### Brief
Find each line below containing the word "channel" and copy it.

### Dataset extract
━━━

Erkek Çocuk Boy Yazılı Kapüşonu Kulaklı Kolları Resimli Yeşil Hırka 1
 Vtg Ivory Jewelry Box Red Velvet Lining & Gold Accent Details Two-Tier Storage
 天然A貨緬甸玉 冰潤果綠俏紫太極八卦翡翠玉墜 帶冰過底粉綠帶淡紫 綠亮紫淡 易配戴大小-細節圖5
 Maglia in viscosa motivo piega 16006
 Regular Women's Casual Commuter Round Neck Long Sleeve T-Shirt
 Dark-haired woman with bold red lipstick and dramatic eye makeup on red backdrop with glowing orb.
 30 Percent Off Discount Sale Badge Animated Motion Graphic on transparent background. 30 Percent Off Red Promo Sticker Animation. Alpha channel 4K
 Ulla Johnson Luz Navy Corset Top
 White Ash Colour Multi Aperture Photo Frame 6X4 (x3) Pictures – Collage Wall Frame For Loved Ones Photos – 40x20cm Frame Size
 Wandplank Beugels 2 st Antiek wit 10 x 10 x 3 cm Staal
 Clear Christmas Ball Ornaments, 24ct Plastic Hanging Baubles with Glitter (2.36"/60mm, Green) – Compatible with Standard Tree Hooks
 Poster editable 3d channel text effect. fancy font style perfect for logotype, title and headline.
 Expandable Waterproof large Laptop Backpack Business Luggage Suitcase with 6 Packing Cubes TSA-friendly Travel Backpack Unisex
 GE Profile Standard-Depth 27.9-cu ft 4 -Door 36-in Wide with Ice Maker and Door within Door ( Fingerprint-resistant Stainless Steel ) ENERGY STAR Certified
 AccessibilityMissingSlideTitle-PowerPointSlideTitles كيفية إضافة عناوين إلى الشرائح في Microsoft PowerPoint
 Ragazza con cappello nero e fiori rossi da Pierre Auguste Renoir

━━━

### Response for this exercise
 30 Percent Off Discount Sale Badge Animated Motion Graphic on transparent background. 30 Percent Off Red Promo Sticker Animation. Alpha channel 4K
 Poster editable 3d channel text effect. fancy font style perfect for logotype, title and headline.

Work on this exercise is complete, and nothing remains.